TÜRK EĞİTİM-SEN BAŞKANLAR KURULU SONUÇ BİLDİRGESİ
-Eğitim camiasının büyük bir heyecanla beklediği “Öğretmenlik Meslek Kanunu’nun” 657 Sayılı Devlet Memurları Kanunu’nun sağladığı kazanımlar baki kalmak kaydıyla bir an önce çıkarılmasını bekliyoruz. Bu sürecin, başta sendikalar olmak üzere paydaşlarla işbirliği içerisinde yürütülmesini de vazgeçilmez gördüğümüzü ifade ediyoruz.
-Cumhurbaşkanı Sayın Recep Tayyip Erdoğan’ın 2018 yılında dört meslek grubunun ek gösterge oranlarının 3600’e çıkarılacağı vaadiyle siyasetin gündemine girmiş olan düzenlemenin, ek göstergeden yararlanamayan YHS personelini de kapsama dahil ederek, bütün kamu çalışanlarının ek gösterge oranlarını da artıracak şekilde hayata geçirilmesini istiyoruz. Bu hususta Türkiye Kamu-Sen tarafından hazırlanmış olan ve halen TBMM Plan Bütçe Komisyonu’nda bekleyen tasarının bir an önce yasalaştırılması hususunda bütün siyasi partilerin sorumluluk almasını bekliyoruz.
-Kamuda aynı işi yapan çalışanlar farklı statülerde istihdam edilemez. Sözleşmeli öğretmenlik uygulaması kaldırılmalı, mevcut sözleşmeli çalışanlar hemen kadroya geçirilmelidir.

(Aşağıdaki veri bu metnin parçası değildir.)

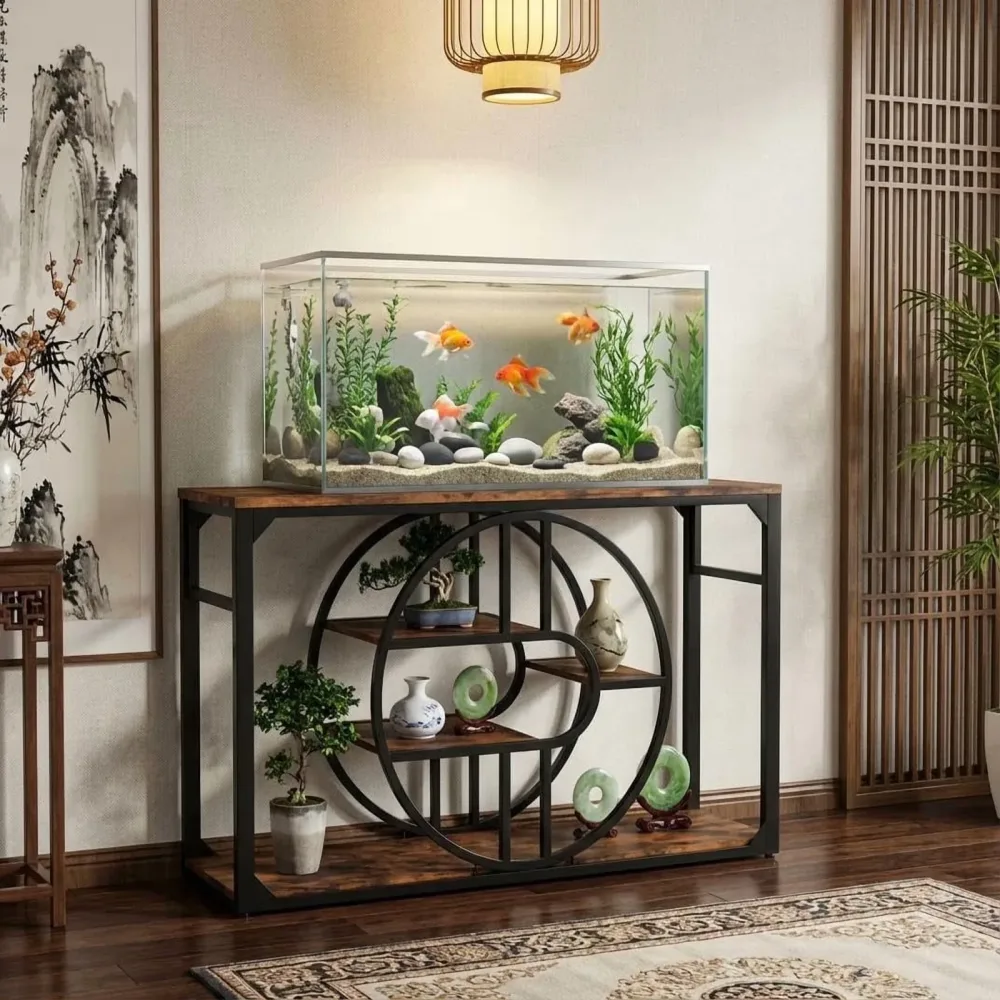 Aquarium Stand 55-75 gallon heavy-duty 55 gallon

-Sözleşmeli öğretmenlerimiz de dahil olmak üzere tüm öğretmenlerimizin özür grubu tayinlerinde yaşanan kontenjan kısıtlamaları kaldırılmalı ve yer değişikliği talepleri karşılanmalıdır.
-Mülakat ile ilgili hükümler tüm MEB mevzuatından çıkarılmalı, başta yönetici atama olmak üzere tüm alanlarda mülakatın olmadığı bir sisteme geçilmelidir.
-Proje okulları yönetici atama bakımından MEB Yönetici Atama Yönetmeliği’ne, öğretmen ataması bakımından da MEB Öğretmen Atama ve Yer Değiştirme Yönetmeliği kapsamına alınmalı, bu okullarımız artık keyfiliklerin olduğu bir alan olmaktan çıkarılmalıdır.
-Üniversitelerimizde görev yapan idari personelin idari mekanizmalara katılımı sağlanmalı ve çıkarılacak bir YÖK yönetmeliği ile idari personele muvafakat alma zorunluluğu olmadan, becayiş, özür grubu ve isteğe bağlı yer değiştirme hakkı verilmelidir.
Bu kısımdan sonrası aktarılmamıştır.